I thought about this the other day. When did I realize that? It didn't happen overnight. Time is slipping away, though. It seems like just yesterday, l graduated college, found a job, and lived on my own for about 10 years. The first few years out; I lived at home with my parents and respected their rules. I was a responsible journalist and got praised for my professionalism. I paid my bills and took one big vacation each year usually to visit a friend fron college.
College doesn't prepare you for such this as layoffs, knowing your rights in legal matters, being fired, office politics, racism, s*xism, or the glass ceiling. It surely doesn't prepare you for back stabbers, purchasing a home, overdue bills and being past due on your mortage agreement, gossip monigers, credit card debt and your credit history, having your car repossesed, identity theft, reading the fine print in any business venture you enter, and people or co-workers who steal your ideals or deflate your dreams. Let alone friends who change their so-called support or allegiance to you. Boy, could I go on. When you are an adult, you have to grow up fast.
Now that I was working, my mom guided me with some money matters. My mom is a saver and so am I. If it isn't on sale or the clearance rack: I won't buy it.
I still put pennies and loose change in piggy banks. I have tried to teach my children the same. Most believe that "found" money should be spent...not me.

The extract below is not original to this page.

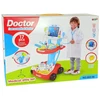 Lean Toys Žaislinis daktaro vežimėlis su priedais, mėlynas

I put that money in my rainy day account. I have also taught my kids that sometimes you have to do without in life. Believe me, you'll live. It's a temporary situation.
The day, I became a "mom" is when I considered myself a true grown-up. I realized what my mother had to go through to raise me and my sister. I now had to cater to the needs of someone who didn't ask to be born. What I did or didn't do would impact her future. I took care of myself better because she depended on me. I stopped going out for a while. Hitting the club lost its appeal and I even stopped writing for a few years because covering events was a problem.
Even though I don't look or act my age, it's nice looking back at my past. I have learned a lot of lessons. Some of them were painful; some of them helped me grow. They also helped make me the woman that I am today. For that, I am thankful.